In another letter dated 6th November. "Mr Bond informs me Congress having, by their committee, considered the Minister of wars plan for a reduction of the regiment, have ordered him to lay before them a particular state thereof."

From the above information I conceive Genl Lincolns plan is founded on a mistake & misinformation.

The humanity of all countries, extended to desabled [veterens] who have hazarded their lives on the service of their country, is not founded on a prospect of future, but a retrospective view of past services, but as persons supported at the expence of the publick owe it what services they are capable of, therefore such invalids as can still perform garrison duty are formed into corps for that purpose.

Genl Lincolns long continuance to the southward, and absence from the North river since the invalids have been on its banks have deprived him of opportunity to know personally what services the invalid regiment has rendered, therefore his opinion can be founded on information only, which has certainly mis stated the matter of fact. I can, with great propriety, assert that, fighting & long marches excepted, no regiment has done more duty, besides fatigues, it has now existed upwards of four years & I am as certain as the nature of the case will admit, that if all the times the men were two days out of three off duty were collected into one period, it would not amount to one year. I have heard many officers of marching regiments declare that their men, from seeing the duties & fatigues of the invalids, dread being transferred. The regiment has not had the honour to attend your Excellency into the field, but has been the means of more servicable men being called thereto.

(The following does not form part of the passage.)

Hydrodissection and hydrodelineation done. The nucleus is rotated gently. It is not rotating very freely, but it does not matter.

That the regiment has not been situated so comfortably as was intended & could be wished is but too true; they have, in this respect, partaken of the distresses of their military brethren, [&] have supported them with no less alacrity.

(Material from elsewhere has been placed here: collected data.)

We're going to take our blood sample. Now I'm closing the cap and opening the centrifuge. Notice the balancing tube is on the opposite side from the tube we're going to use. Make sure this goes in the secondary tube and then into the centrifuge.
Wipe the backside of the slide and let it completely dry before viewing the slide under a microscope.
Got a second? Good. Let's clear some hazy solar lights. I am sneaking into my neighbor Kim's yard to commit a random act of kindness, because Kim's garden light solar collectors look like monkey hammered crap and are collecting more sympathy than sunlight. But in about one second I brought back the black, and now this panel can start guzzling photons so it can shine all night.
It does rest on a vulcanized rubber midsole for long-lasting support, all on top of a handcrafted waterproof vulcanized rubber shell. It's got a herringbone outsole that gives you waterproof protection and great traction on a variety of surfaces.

The disabilities of invalids entitle them to certain indulgences beyond other soldiers, & which the latter can not repine at, as, in case of misfortunes, they will partake of them: no more military duty than one day of three should be required of them; they [were] stationary because one of the chief reasons for their being called from the field is an inability to march, & the same cause operates against their being sent on commands, nor should they be put on any fatigues, but for their own immediate benefits; as to other difficulties from want of pay, clothing &c. they must share them with the rest of the army, yet I conceive the disorders of many entitle them to some little preference in the latter. I do not conceive it impossible to put our invalids in the above situation.

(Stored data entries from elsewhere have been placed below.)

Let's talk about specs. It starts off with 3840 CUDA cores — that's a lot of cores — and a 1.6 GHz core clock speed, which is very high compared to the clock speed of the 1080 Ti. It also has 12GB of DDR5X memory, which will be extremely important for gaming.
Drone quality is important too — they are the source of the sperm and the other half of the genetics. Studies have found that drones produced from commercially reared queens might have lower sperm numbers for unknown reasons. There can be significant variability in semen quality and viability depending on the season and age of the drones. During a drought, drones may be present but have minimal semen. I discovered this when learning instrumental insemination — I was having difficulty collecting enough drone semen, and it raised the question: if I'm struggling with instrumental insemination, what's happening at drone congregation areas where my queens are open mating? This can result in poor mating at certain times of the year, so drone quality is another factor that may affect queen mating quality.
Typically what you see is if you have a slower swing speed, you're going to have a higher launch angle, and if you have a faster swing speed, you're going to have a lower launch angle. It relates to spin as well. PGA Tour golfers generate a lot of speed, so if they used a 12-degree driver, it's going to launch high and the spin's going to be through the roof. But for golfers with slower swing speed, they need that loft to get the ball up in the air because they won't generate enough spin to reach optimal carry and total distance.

Should the dismission of the corps be requisite I beg permission to point out the impropriety of the time, as probably all the steps requisite to the completion of the business cannot have place before christmas, at which inclement season of the year a number of disabled soldiers, some with wives and children, will have to travel every distance between this & the remotest parts of Newhampshire & Virginia, for which reason I conceive humanity requires its being deferred ’till spring.

That the original plan on which the corps was formed has been much deviated from is a fact that cannot be contrived, by which the publick expence has been extended beyond what was necessary, consequently a reformation of the corps requisite; this has been partly done last september but not complated, as the returns I had the honour to send you yesterday shew.

The above is, to the best of my recollection, the purport of my former letter I shall therefore trespass any further than to assure your Excellency I am with unfeigned respect Sr Your most obedient servant

Lewis Nicola Col. Inv.

DLC: Papers of George Washington.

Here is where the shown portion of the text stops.